-- Opening Marker --
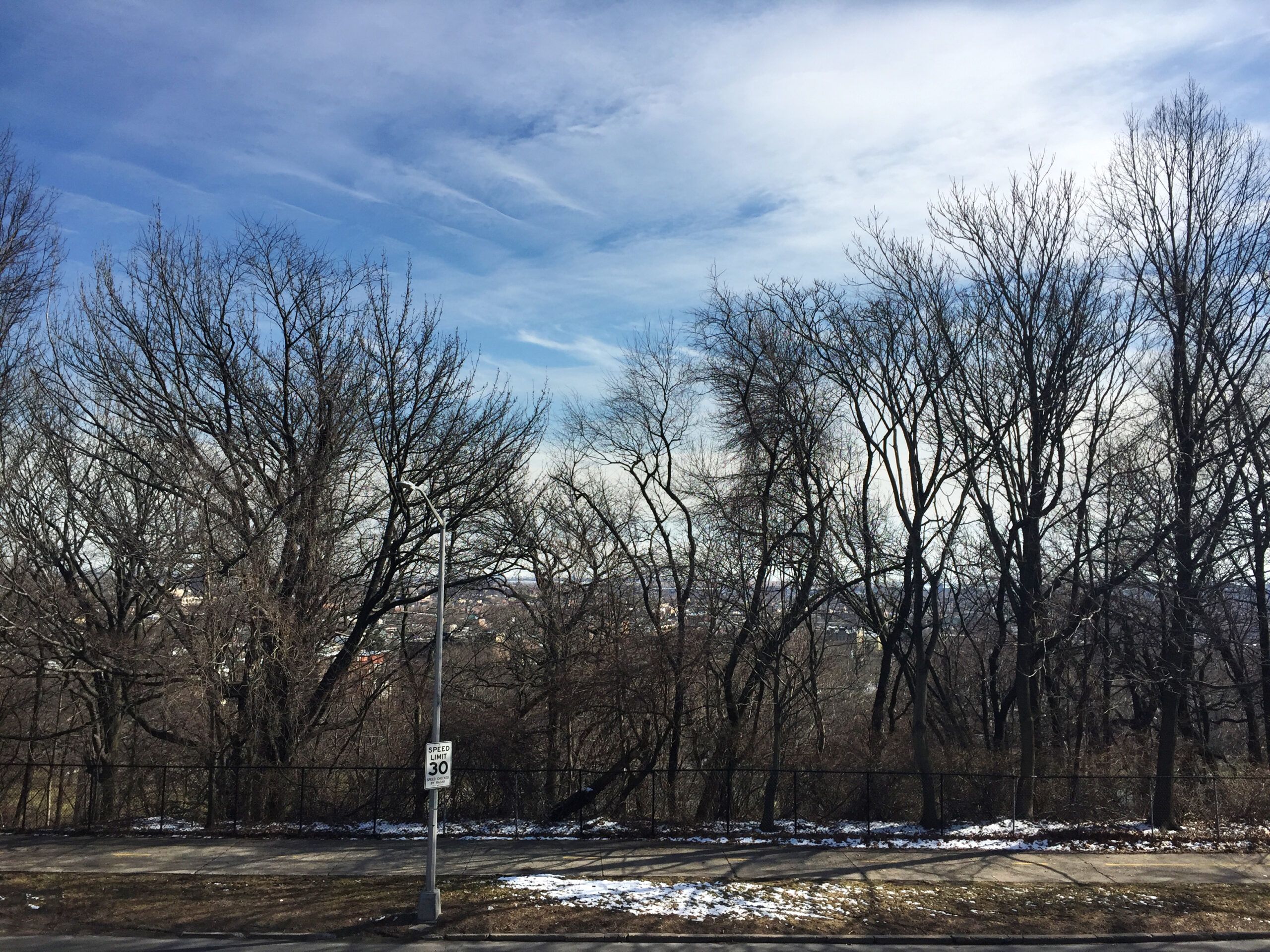 A view of Brooklyn from Highland Park, New York City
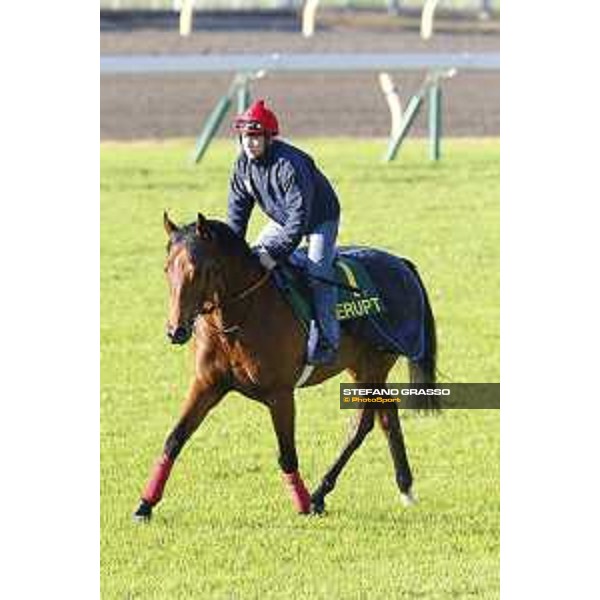 Morning track works at Fuchu racecourse Erupt Tokyo,27th nov.2015 ph.Stefano Grasso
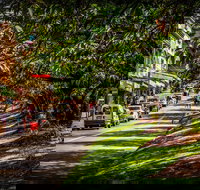 Fully Inclusive Blue Mountains Private Tour inc Scenic World  Featherdale entry - Taree Accommodation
-- Closing Marker --
» WHAT IS BEING ASKED
Set the material down exactly, images excluded.

» SOLUTION TO THIS EXERCISE
 A view of Brooklyn from Highland Park, New York City
 Morning track works at Fuchu racecourse Erupt Tokyo,27th nov.2015 ph.Stefano Grasso
 Fully Inclusive Blue Mountains Private Tour inc Scenic World  Featherdale entry - Taree Accommodation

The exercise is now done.